*** GIVEN RECORDS ***

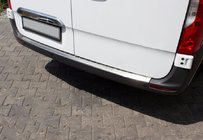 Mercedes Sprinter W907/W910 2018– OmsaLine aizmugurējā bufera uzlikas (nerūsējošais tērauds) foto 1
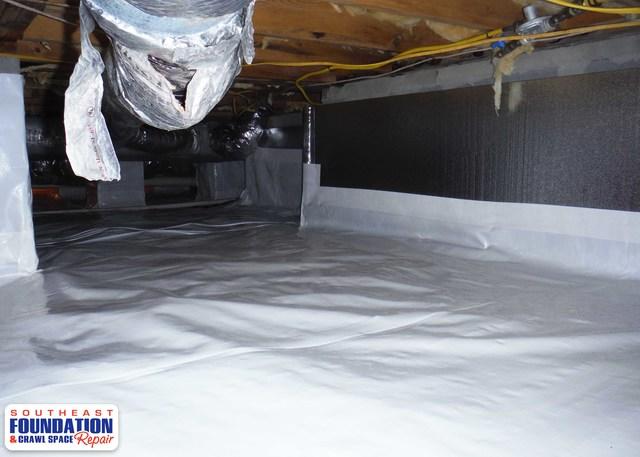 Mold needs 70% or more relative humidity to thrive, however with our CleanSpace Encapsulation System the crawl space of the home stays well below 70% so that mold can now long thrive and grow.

*** End of GIVEN RECORDS ***
*** GIVEN RECORDS ***

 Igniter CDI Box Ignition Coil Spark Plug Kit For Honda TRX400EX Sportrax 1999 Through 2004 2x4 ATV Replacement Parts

*** End of GIVEN RECORDS ***

Within the listing above, find the line containing "Mercedes Sprinter W907/W910" and the line containing "Mold needs 70%". Transcribe them and everything between them exactly, leaving out the pictures.

### EXERCISE SOLUTION
 Mercedes Sprinter W907/W910 2018– OmsaLine aizmugurējā bufera uzlikas (nerūsējošais tērauds) foto 1
 Mold needs 70% or more relative humidity to thrive, however with our CleanSpace Encapsulation System the crawl space of the home stays well below 70% so that mold can now long thrive and grow.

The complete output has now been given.